21 Oct 2022 - Stephan
Post-Hardcore | Hassle Records, Sargent House | Release date: 21 Oct 2022 | Favorite song: Desert Rain
We all sometimes miss checking important boxes. And now with Roadburn immediately approaching one of those boxes obviously is talking about the thing everybody has already been talking about for months. If there is one album that felt like it brought all factions together in 2022, and which appears in a wide variety of end-of-year lists not only in the Metal and Hardcore milieu, then it must be Unison Life by the Belgian Post Hardcore trio Brutus.
And what is it that makes this band so irresistible? Basically I could copy word for word what I’ve once said not even about the direct predecessor, but about their debut album Burst: Is it Hardcore? Indie? Post Rock? Shoegaze on adrenaline? Who cares? In any case Stefanie Manaerts puts her stamp on the group with her unbridled drum drive as well as with her vocals, which are very in-your-face and Punk, yet also hover winged and high above everything else.
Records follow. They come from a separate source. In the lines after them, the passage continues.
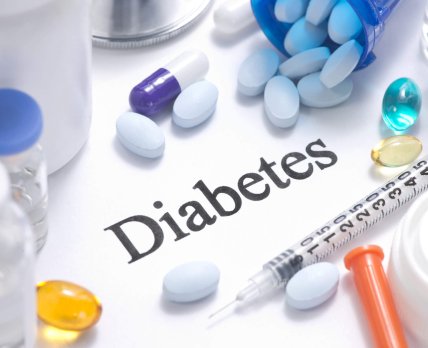 Диабет и COVID-19: заменять инсулины новыми лекарствами необоснованно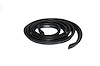 TRUNK SEAL - image 1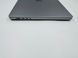 Apple MacBook Pro 16 2021 M1 Max 10/24 Core 32GB RAM 1TB SSD Space Gray фото 5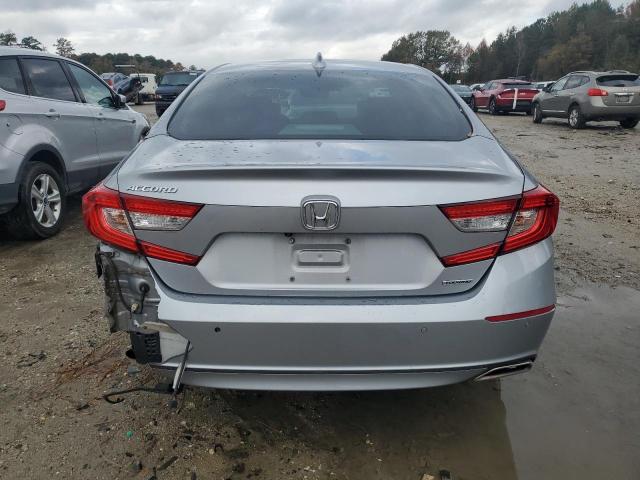 2018 HONDA ACCORD TOU #3301834356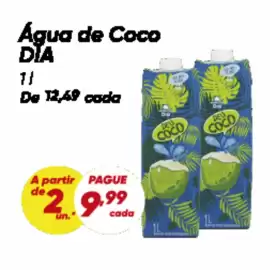 Tabloide Dia Página 3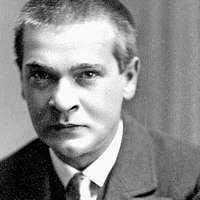 Georg Trakl - scrap_google_ccl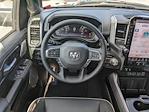 New 2025 Ram 1500 Laramie Crew Cab 4x4 Pickup for sale #R767774 - photo 16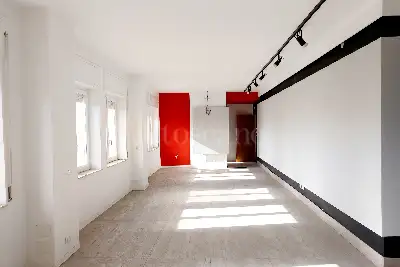 Casa in vendita, Largo Porto Piccolo, Siracusa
Brutus’ musical formula hasn’t changed, and should that ever be necessary, we’re certainly still a few releases away from that. Because at the moment the band only needs to do what they are very good at – and like here just do it a couple of gears better than on the previous album.
Without wanting to belittle the undoubtedly essential part of the aggressively grooving bass and excellent guitar riffs and leads; the secret weapon of course remains the singer/drummer, whose playing and voice form a unit charged with raw emotional energy in such a way that one has the impression that at all times the entire sound of Brutus is a direct manifestation of her anger, fear, desperation, longing and euphoria.
And if that approach is fraught with its own pitfalls and clichés, then Brutus avoid those entirely. This band simply sparkles with an unembellished authenticity that the popular guitar music sector (and the productions from this era) unfortunately often lack. Emotional and powerful, original but super accessible. So no, I can’t think of any argument why we shouldn’t all add this work to our music collections. The fact that the handwriting seen in the booklet of the vinyl version is a badly illegible claw doesn’t count!
And if you’re getting your first taste of Unison Life from the official music videos: Yes, they’re all good. But impressively Brutus don’t need to shoot up the most outstanding highlights for their promotion. No, even on the album itself many of those can wait until the downright perversely great B-side. I mean, listen to tracks like “Chainlife”, “Dreamlife” or “Desert Rain” and tell me, I’m slobbering nonsense! Well then? You see, I said it.